BeautifulSoup get_text does not strip all tags and JavaScript
Solution 1
nltk's clean_html()
is quite good at this!
Assuming that your already have your html stored in a variable html
like
html = urllib.urlopen(address).read()
then just use
import nltk
clean_text = nltk.clean_html(html)
UPDATE
Support for clean_html
and clean_url
will be dropped for future versions of nltk. Please use BeautifulSoup for now...it's very unfortunate.
An example on how to achieve this is on this page:
BeatifulSoup4 get_text still has javascript
Solution 2
Here's an approach which is based on the answer here: BeautifulSoup Grab Visible Webpage Text by jbochi.

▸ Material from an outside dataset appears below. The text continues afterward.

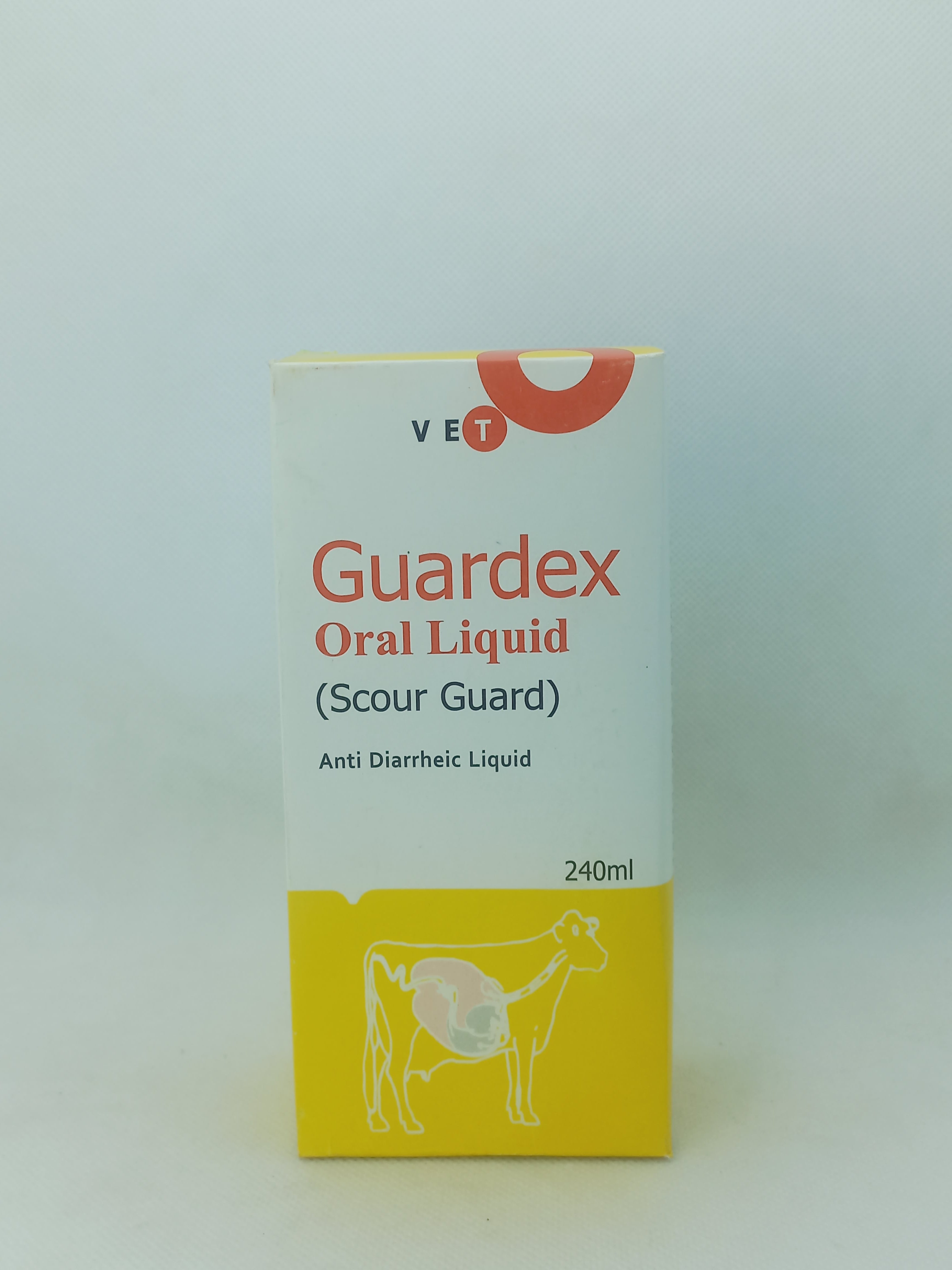 GUARDEX ORAL LIQUID 240ML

This approach allows for comments embedded in elements containing page text, and does a bit to clean up the output by stripping newlines, consolidating space, etc.

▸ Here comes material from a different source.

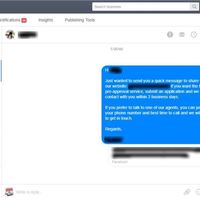 Facebook engagement 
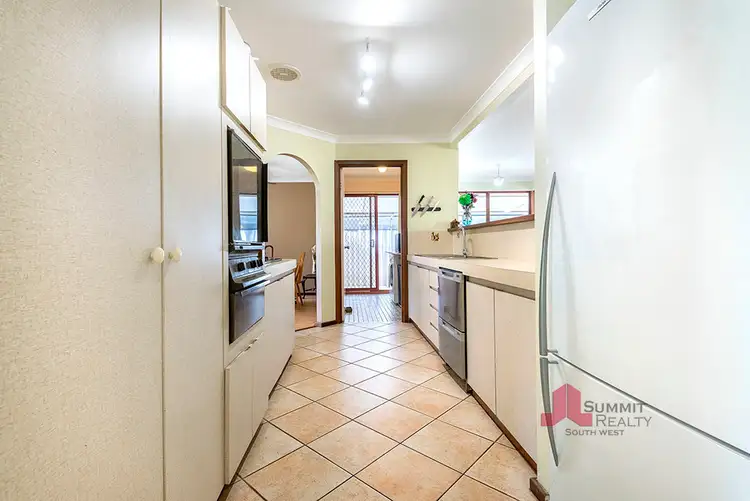 Sixth view of Homely house listing, 40 Parkfield Way, Australind WA 6233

html = urllib.urlopen(address).read()
soup = BeautifulSoup.BeautifulSoup(html)
texts = soup.findAll(text=True)
def visible_text(element):
if element.parent.name in ['style', 'script', '[document]', 'head', 'title']:
return ''
result = re.sub('<!--.*-->|\r|\n', '', str(element), flags=re.DOTALL)
result = re.sub('\s{2,}| ', ' ', result)
return result
visible_elements = [visible_text(elem) for elem in texts]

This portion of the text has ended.